The First Ghost Image ( II )

 Right now we are working on spatial correlation and very soon we will be able to observe the ghost image of an object mask with sunlight as a source. This result can be interpreted as a nonlocal point-to-point image-forming correlation which is the result of interference between two-photon amplitudes, corresponding to different yet indistinguishable alternative ways of triggering a joint photodetection event. As a result of two-photon interference, ghost imaging has two peculiar features:(1) it is nonlocal and (2) its spatial resolution which is better from that of classical imaging. Consequently, ghost imaging using the sun as a light source could achieve spatial resolution equivalent to that of a classical imaging system taking pictures at a distance of 10km with a 92m-diameter lens. In conclusion, this experimental demonstration of sunlight-based ghost imaging raises a fundamentally im-portant question about whether the nonlocal ghost-imaging effect of classical thermal light is caused by quantum-mechanical two-photon interference.



References
1. T.B. Pittman, Y.H. Shih, D.V. Strekalov, and A.V. Sergienko, Phys. Rev. A52, R3429 (1995).

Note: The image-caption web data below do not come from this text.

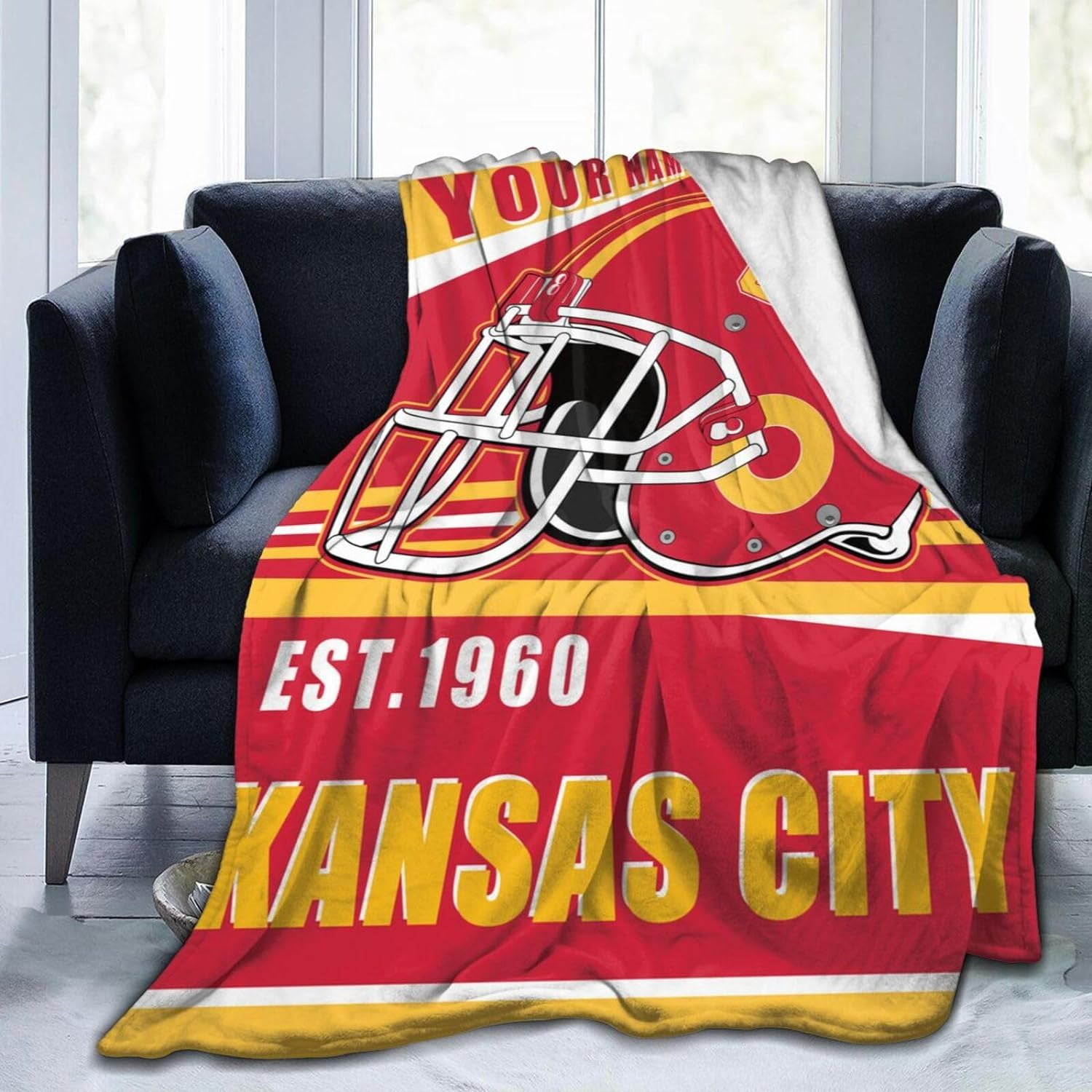 Personalized Football Throw Blanket - Custom Name & Number Fleece Blanket For Sports Fans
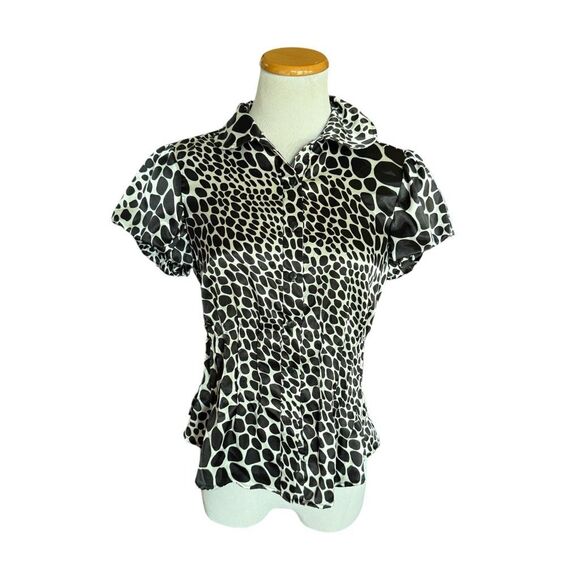 Womens Vintage Allison Taylor Vintage Button Down Polka Dot Top Blouse - Sz S - Picture 1 of 1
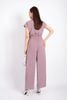 FJS7153 - Jumpsuit dạo phố vải tuytsi dáng suông vai chờm phối túi hộp eo buộc nơ tạo kiểu quần ống rộng - PANTIO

2. A. Valencia, G. Scarcelli, M. D'Angelo, Y. H. Shih, , Phys. Rev. Lett.94, 063601 (2005); G. Scarcelli, V. Berardi, Y. H.
Shih, Phys. Rev. Lett.96, 063602(2006); R. Meyers, K. S. Deacon, Y. H. Shih, Phys. Rev. A77, 041801(2008); Y. Shih,
SPIE News, Electronic Imaging and Signal Processing, July, (2009).
3. A. Gatti, E. Brambilla, M. Bache, L. A. Lugiato, Phys. Rev. Lett.93, 093602(2004); Phys. Rev. A70, 013802(2004).
4. D. Zhang, Y. Zhai, L. Wu, X. Chen, Optics Letters30, 2354(2005).